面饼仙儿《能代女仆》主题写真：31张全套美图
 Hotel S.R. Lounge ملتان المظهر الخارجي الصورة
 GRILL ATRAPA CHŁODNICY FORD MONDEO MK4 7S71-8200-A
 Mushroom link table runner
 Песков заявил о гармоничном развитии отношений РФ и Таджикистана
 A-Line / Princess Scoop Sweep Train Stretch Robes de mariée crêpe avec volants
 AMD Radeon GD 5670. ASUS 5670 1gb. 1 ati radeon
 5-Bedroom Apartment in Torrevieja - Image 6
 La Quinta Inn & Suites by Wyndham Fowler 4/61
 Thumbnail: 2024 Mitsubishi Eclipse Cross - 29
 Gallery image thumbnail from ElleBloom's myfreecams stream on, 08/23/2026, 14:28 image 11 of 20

· · · · · · ·

=== Your instructions ===
All the lines above need to be printed again, exactly.

=== Answer for the task ===
面饼仙儿《能代女仆》主题写真：31张全套美图
 Hotel S.R. Lounge ملتان المظهر الخارجي الصورة
 GRILL ATRAPA CHŁODNICY FORD MONDEO MK4 7S71-8200-A
 Mushroom link table runner
 Песков заявил о гармоничном развитии отношений РФ и Таджикистана
 A-Line / Princess Scoop Sweep Train Stretch Robes de mariée crêpe avec volants
 AMD Radeon GD 5670. ASUS 5670 1gb. 1 ati radeon
 5-Bedroom Apartment in Torrevieja - Image 6
 La Quinta Inn & Suites by Wyndham Fowler 4/61
 Thumbnail: 2024 Mitsubishi Eclipse Cross - 29
 Gallery image thumbnail from ElleBloom's myfreecams stream on, 08/23/2026, 14:28 image 11 of 20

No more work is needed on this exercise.